Les protagonistes réels étaient relativement jeunes, l'âge moyen était de 42 ans. Heydrich avait 38 ans, Eichmann 35, Lange 32, je crois. Le plus âgé était, si je me souviens bien, Kritzinger, 51 ans. J'ai trouvé étonnant de voir à quel point ils étaient jeunes, à quelle vitesse ils avaient fait carrière dans cette période relativement courte de neuf ans depuis la prise du pouvoir en 1933. Mais pour moi, faire ce film, c'était raconter l'histoire de cet événement effroyable et inimaginable. Il s'agissait moins - et cela concerne bien sûr aussi le casting - de recréer la physionomie des protagonistes et d’en proposer une représentation naturaliste. Cela reste une fiction. Et pour le casting, j'ai bien sûr tenu compte du niveau de connaissances actuel et des documents que nous avions à notre disposition. En collaboration avec la directrice de casting Simone Bär et, bien sûr, après consultation des producteurs, c'est finalement l'intuition qui détermine le casting d'un film, et c'était également le cas ici. Il y avait 16 personnes, 15 hommes et une jeune femme. D’habitude, il y a un personnage principal - et pourtant, ici, ce n'est pas le cas : le personnage principal, c'est la conférence. Et l'interaction est très importante, il s’agit donc d’une performance d'ensemble. Cet ensemble devait fonctionner. 

Dans le film, le président de la réunion, le SS-Obergruppenführer Reinhard Heydrich, déclare : « ces messieurs doivent savoir à quoi ils ont participé. On ne dira pas qu'ils ne savaient pas. » C’est pour cette raison qu’un procès-verbal fut établi à l’époque. Dans quelle mesure le scénario est-il proche de ce procès-verbal ? 

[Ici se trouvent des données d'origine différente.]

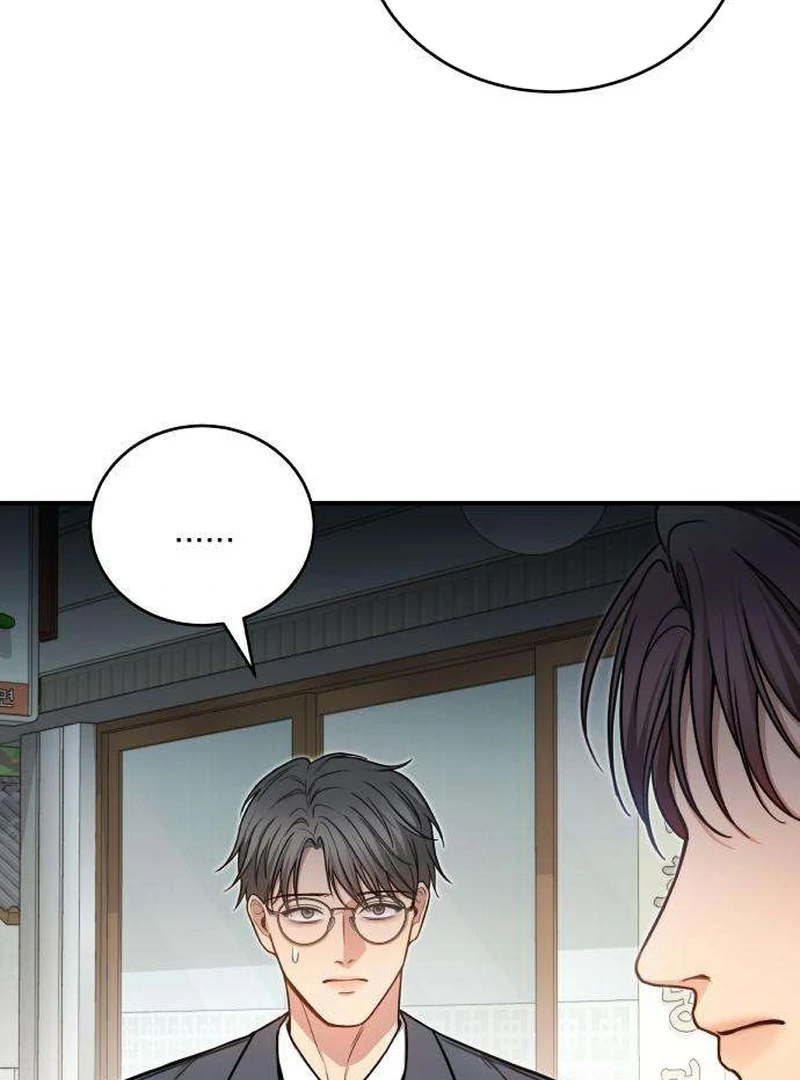 First Love (Meongji) Chapter 5 - Page 121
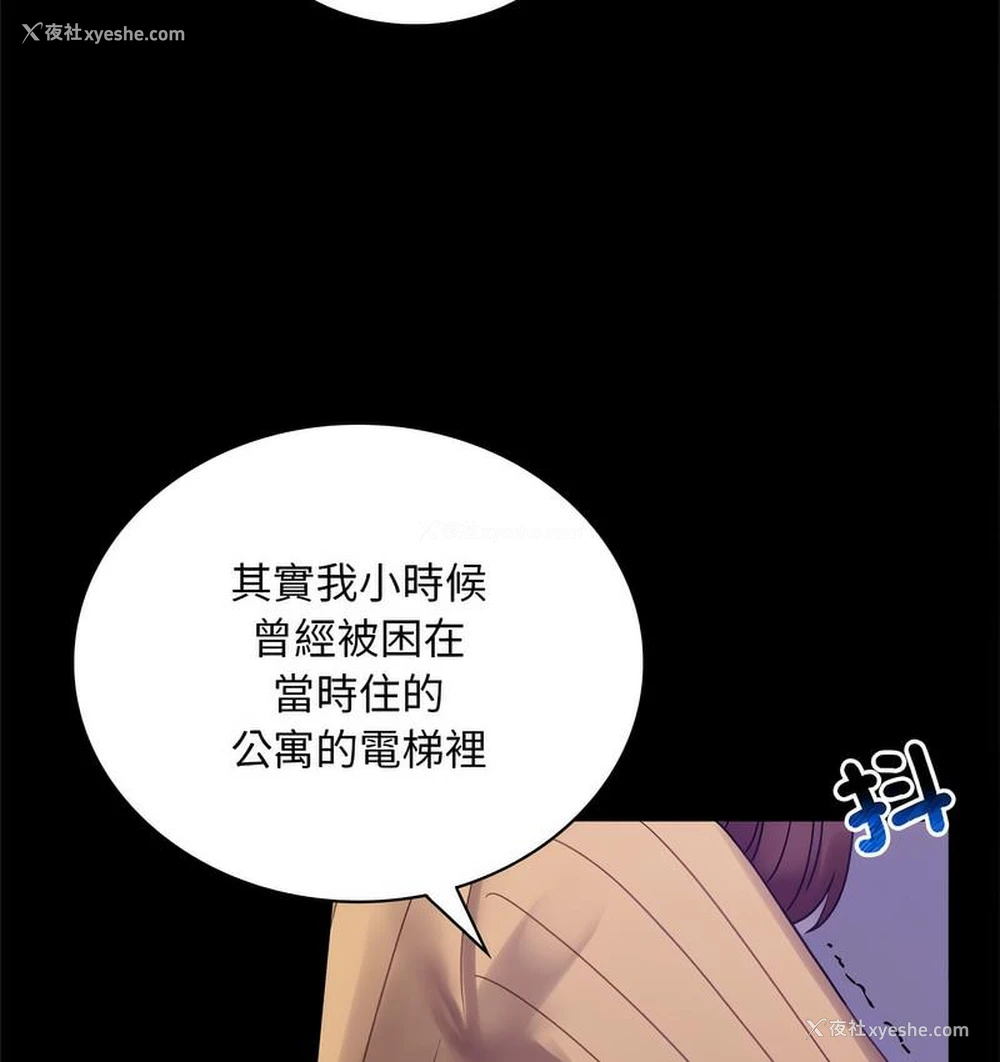 34P - 背叛的开始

Il ne s'agit jamais que d'un procès-verbal. Il existe des enregistrements d'autres réunions en rapport avec la Conférence de Wannsee. Mais même si l'on nous avait remis un compte-rendu in extenso de la réunion, un film demeure une fiction. Le choix des acteurs, les gestes, les expressions des visages, les intonations - tout cela procède de décisions prises par le réalisateur. Ce sont des décisions qui relèvent de la dramaturgie. Un film de fiction ne peut prétendre à la vérité. Pour moi, il s'agissait de raconter l'histoire de cet événement avec mes méthodes et mes outils.